Information supplied:
--- START ---
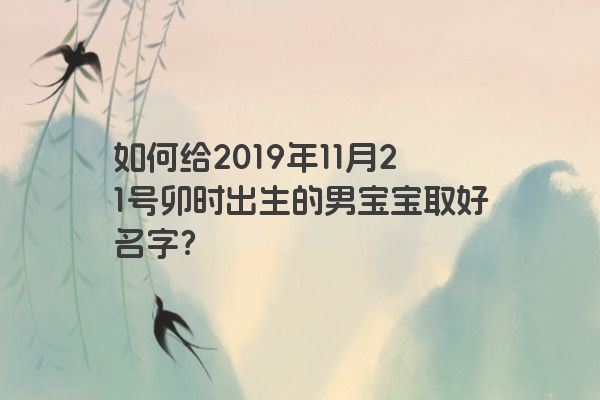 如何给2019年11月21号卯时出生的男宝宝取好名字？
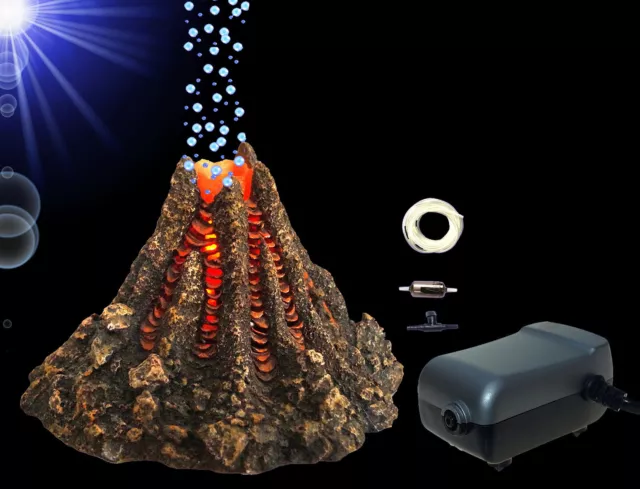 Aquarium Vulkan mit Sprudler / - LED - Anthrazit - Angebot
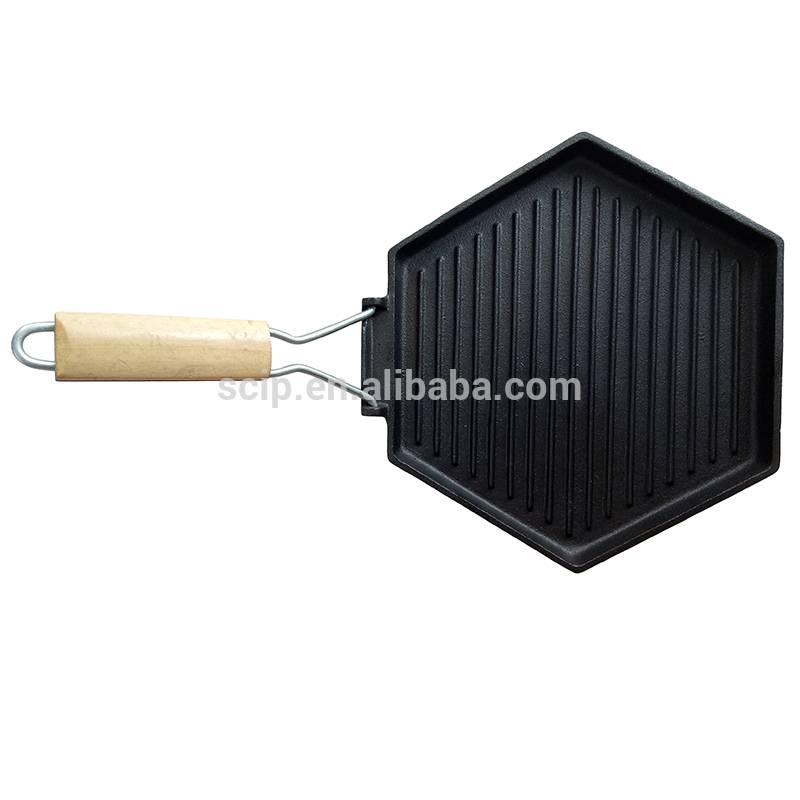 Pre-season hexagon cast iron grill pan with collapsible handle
--- END ---
Exercise: Return every line of the listing exactly, leaving its pictures behind.

Response to the task:
 如何给2019年11月21号卯时出生的男宝宝取好名字？
 Aquarium Vulkan mit Sprudler / - LED - Anthrazit - Angebot
 Pre-season hexagon cast iron grill pan with collapsible handle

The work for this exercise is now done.